- Born: Chile
- Known for: Institutional sociology; social policy analysis

Academic background
- Alma mater: Pontifical Catholic University of Chile; University of Oxford (Ph.D);

Academic work
- Discipline: Sociology
- Sub-discipline: Institutional sociology, labour markets, social policy
- Institutions: Pontifical Catholic University of Chile

= Andrés Biehl =

Chilean sociologist

Andrés Biehl Lundberg is a Chilean sociologist and academic.

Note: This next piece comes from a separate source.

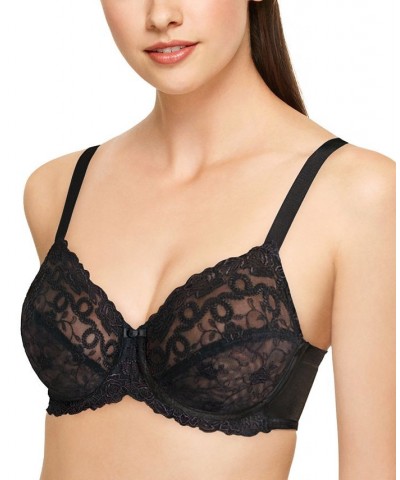 Renaissance Rose Underwire Bra 85720 Black $23.84 Bras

He serves as an associate professor at the Institute of Sociology of the Pontifical Catholic University of Chile (PUC), where his research focuses on institutional sociology, labour markets, social policy, taxation and economic inequality.

== Career ==
Biehl is an associate professor at the Institute of Sociology of the PUC. His academic work examines the development of social institutions and their effects, with particular attention to labour markets, social obligations, pension systems, taxation and inequality in comparative perspective.

He holds a Doctor of Philosophy (DPhil) and a Master of Science (MSc) in Sociology from the University of Oxford, and completed his undergraduate studies in sociology at the PUC.

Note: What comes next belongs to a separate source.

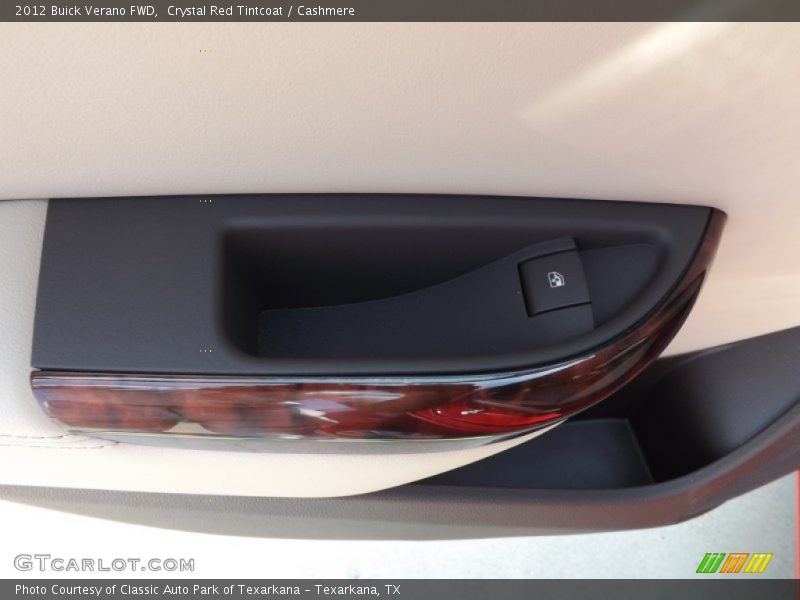 Crystal Red Tintcoat / Cashmere 2012 Buick Verano FWD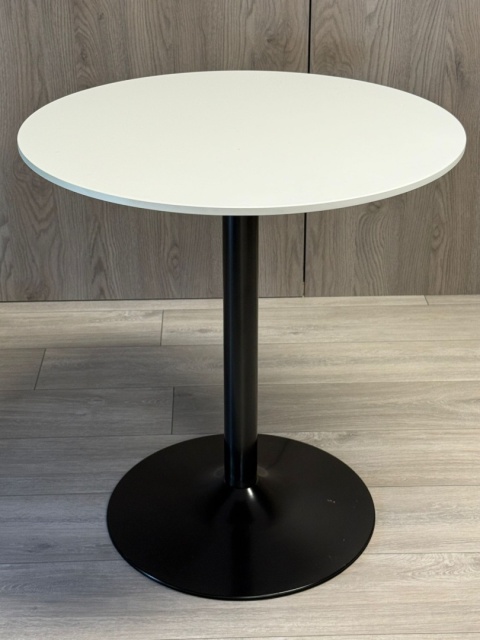 Stół okrągły VICTORY WHITE 70 cm SMOKE Stół okrągły VICTORY WHITE 70 cm SMOKE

Biehl has contributed to public debate through interviews and media appearances discussing sociology, political culture and public policy. In an interview with La Tercera, he addressed contemporary ideological divisions in social policy, arguing that political debate often prioritises rights or incentives while neglecting the construction of reciprocal social obligations.

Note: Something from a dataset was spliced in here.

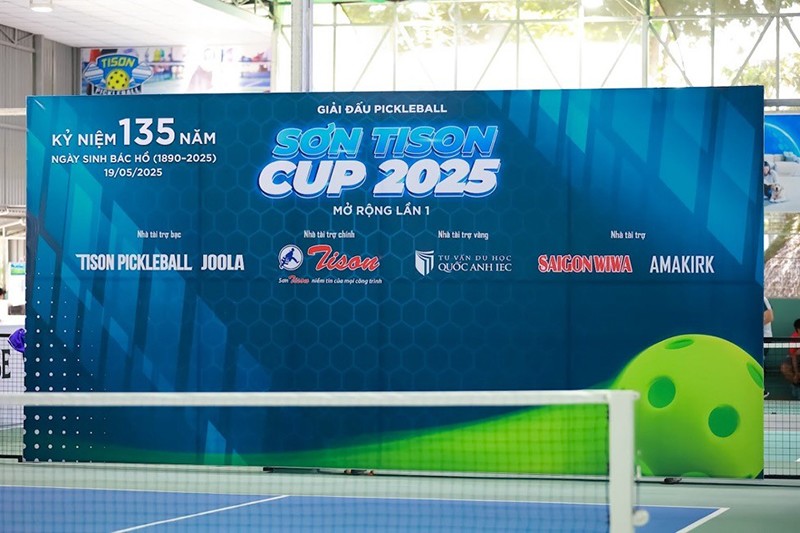 Sơn Tison Open Cup 2025: Giải Pickleball mở rộng quy mô lớn lần đầu được tổ chức tại Bình Dương - 1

He has also participated in interviews reflecting on sociological analysis and contemporary political dynamics in Chile and Latin America.

Biehl is co-author, together with economist Germán Vera, of the book Contra la libertad, which analyses structural tensions within Chile's social security system and critiques assumptions about individual choice in public policy. The book has been discussed in national media, including a Tele 13 Radio – Réplica programme featuring the authors.

He has appeared in further media discussions addressing cultural and sociological interpretations of Latin American identity, including a conversation with Patricio Velasco broadcast by Tele 13 Radio – Réplica.